Comme l’a écrit Yeats.

« Je vous remercie de votre article sur Tim, mais cela fait mal de le retrouver vivant ne serait-ce qu’un moment. Qu’il puisse produire un tel effet donne, je suppose, la mesure de la réussite d’un morceau d’écriture.

« Je crois que c’était dans un roman d’Aldous Huxley qu’un personnage téléphone à un autre pour s’exclamer avec excitation : “Je viens de trouver une preuve mathématique de l’existence de Dieu !” S’il s’était agi de Tim, il aurait trouvé le lendemain une autre preuve opposant un démenti à la première – et l’aurait crue tout aussi facilement. C’était comme s’il se promenait dans un jardin rempli de fleurs et que chaque fleur fût nouvelle et différente, et il les découvrait toutes à tour de rôle en éprouvant devant chacune le même ravissement, mais en oubliant chaque fois toutes celles qui avaient précédé. Il était entièrement loyal envers ses amis. Eux, il ne les oubliait jamais. Ils étaient ses fleurs permanentes.

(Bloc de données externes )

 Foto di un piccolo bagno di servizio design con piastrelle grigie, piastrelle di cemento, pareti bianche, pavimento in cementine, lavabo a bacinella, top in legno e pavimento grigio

« Ce qu’il y a d’étrange, miss Marion, c’est qu’en un sens il me manque plus que ne me manque mon mari. Peut-être m’a-t-il davantage impressionnée que lui. Il se peut que vous puissiez me l’expliquer ; c’est vous l’écrivain.

« Cordialement,

« Angel Archer. »

J’ai écrit cette lettre à Jane Marion, célébrité des milieux littéraires new-yorkais, dont les essais et les articles paraissent dans les meilleurs des petits magazines ; je n’attendais pas de réponse et n’en ai pas reçu. Peut-être son rédacteur en chef, à qui je l’avais adressée, l’a-t-il jetée au panier après l’avoir lue ; je n’en sais rien. L’article de Marion sur Tim m’avait mise en fureur ; il était entièrement fondé sur des informations de seconde main. Marion n’avait jamais connu Tim, ce qui ne l’avait pas empêchée d’écrire sur lui. Elle parlait quelque part de Tim « abandonnant les amitiés quand cela servait son but » ou quelque chose comme ça. C’est faux : Tim n’a jamais abandonné une amitié de sa vie.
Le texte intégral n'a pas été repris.